Up to and including the line containing "Dainty Pearl earrings, Elegant", set down each line of the entries below exactly, starting from the first, and leave out the rest.

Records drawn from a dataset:
________________________________________

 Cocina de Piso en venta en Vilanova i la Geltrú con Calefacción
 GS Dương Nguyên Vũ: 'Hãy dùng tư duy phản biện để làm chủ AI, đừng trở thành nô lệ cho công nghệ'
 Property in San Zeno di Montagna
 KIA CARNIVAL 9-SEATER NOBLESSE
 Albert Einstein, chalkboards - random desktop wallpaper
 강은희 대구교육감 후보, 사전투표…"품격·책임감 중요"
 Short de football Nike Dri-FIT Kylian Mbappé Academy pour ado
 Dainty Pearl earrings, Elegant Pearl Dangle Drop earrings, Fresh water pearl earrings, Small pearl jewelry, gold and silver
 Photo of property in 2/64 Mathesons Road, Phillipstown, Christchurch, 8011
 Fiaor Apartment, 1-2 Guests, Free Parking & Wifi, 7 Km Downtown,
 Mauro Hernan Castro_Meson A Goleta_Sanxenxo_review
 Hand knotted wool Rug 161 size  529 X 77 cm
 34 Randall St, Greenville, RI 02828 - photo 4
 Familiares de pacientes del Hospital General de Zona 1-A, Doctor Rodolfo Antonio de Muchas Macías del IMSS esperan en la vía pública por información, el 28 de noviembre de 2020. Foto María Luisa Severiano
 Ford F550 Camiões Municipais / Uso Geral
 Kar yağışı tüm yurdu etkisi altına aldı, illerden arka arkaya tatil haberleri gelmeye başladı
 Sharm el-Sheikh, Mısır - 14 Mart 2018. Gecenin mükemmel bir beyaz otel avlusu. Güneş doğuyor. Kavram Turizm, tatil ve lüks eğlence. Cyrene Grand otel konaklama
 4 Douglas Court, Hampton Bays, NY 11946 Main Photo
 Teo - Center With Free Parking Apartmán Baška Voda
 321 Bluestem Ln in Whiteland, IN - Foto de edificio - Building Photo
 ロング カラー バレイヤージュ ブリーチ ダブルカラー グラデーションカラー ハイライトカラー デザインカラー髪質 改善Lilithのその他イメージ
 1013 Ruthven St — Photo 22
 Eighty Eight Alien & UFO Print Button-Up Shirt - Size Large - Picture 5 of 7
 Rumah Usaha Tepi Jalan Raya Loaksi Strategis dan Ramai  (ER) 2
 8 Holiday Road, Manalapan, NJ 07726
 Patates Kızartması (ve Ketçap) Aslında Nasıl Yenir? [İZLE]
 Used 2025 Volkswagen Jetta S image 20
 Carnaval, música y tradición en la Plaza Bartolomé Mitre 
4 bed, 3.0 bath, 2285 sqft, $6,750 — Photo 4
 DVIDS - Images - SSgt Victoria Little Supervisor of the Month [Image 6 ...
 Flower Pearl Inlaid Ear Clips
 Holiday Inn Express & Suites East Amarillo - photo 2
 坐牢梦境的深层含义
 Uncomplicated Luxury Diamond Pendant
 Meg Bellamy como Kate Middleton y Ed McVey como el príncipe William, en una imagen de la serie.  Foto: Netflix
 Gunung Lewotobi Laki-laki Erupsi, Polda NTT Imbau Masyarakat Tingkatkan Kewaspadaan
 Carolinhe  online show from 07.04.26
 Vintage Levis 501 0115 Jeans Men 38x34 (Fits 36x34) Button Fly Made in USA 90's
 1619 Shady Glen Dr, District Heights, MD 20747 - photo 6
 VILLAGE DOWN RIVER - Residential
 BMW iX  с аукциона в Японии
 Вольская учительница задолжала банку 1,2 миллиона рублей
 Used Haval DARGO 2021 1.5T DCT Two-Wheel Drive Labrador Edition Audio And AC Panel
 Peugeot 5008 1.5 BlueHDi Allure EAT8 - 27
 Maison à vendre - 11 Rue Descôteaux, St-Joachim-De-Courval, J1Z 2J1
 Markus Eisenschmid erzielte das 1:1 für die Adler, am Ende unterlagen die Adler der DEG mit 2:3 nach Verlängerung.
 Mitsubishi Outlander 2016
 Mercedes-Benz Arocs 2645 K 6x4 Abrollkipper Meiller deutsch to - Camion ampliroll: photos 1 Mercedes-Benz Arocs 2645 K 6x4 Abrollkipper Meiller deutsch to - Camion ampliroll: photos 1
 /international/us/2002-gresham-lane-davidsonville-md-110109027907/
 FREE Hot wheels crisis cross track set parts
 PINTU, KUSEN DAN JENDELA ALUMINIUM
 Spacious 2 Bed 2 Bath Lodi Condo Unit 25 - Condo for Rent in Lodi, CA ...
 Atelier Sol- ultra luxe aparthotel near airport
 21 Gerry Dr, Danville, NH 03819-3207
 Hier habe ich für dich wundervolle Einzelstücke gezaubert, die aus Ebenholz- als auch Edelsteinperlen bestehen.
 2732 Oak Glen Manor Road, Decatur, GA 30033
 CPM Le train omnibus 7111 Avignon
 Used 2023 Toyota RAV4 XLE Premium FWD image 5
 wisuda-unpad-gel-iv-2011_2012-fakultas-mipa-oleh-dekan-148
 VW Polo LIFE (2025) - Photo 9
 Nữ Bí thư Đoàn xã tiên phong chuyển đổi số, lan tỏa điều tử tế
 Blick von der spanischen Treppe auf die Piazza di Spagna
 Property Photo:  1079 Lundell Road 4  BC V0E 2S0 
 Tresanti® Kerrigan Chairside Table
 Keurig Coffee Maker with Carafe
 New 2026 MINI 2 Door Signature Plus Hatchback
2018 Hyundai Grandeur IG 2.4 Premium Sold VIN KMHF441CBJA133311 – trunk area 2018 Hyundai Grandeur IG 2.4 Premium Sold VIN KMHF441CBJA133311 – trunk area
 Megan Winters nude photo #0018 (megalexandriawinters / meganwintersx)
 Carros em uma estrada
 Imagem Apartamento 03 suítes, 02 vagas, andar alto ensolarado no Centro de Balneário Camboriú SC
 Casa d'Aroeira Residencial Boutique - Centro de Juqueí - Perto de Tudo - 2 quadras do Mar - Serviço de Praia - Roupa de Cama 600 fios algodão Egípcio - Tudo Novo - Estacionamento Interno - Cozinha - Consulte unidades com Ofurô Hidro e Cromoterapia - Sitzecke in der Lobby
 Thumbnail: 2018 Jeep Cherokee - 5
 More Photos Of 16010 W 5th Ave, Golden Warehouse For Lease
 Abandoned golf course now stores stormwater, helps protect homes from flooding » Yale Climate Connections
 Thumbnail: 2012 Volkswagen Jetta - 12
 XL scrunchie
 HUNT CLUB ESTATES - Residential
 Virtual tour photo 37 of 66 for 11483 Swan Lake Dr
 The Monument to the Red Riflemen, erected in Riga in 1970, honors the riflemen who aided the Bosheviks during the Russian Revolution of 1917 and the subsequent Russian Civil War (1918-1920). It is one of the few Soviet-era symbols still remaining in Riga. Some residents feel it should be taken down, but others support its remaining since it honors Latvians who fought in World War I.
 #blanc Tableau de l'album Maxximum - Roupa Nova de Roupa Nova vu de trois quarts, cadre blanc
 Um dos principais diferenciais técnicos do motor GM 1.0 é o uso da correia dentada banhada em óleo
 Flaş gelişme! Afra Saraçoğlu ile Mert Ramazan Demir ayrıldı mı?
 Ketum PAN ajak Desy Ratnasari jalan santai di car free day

________________________________________

**Answer**
 Cocina de Piso en venta en Vilanova i la Geltrú con Calefacción
 GS Dương Nguyên Vũ: 'Hãy dùng tư duy phản biện để làm chủ AI, đừng trở thành nô lệ cho công nghệ'
 Property in San Zeno di Montagna
 KIA CARNIVAL 9-SEATER NOBLESSE
 Albert Einstein, chalkboards - random desktop wallpaper
 강은희 대구교육감 후보, 사전투표…"품격·책임감 중요"
 Short de football Nike Dri-FIT Kylian Mbappé Academy pour ado
 Dainty Pearl earrings, Elegant Pearl Dangle Drop earrings, Fresh water pearl earrings, Small pearl jewelry, gold and silver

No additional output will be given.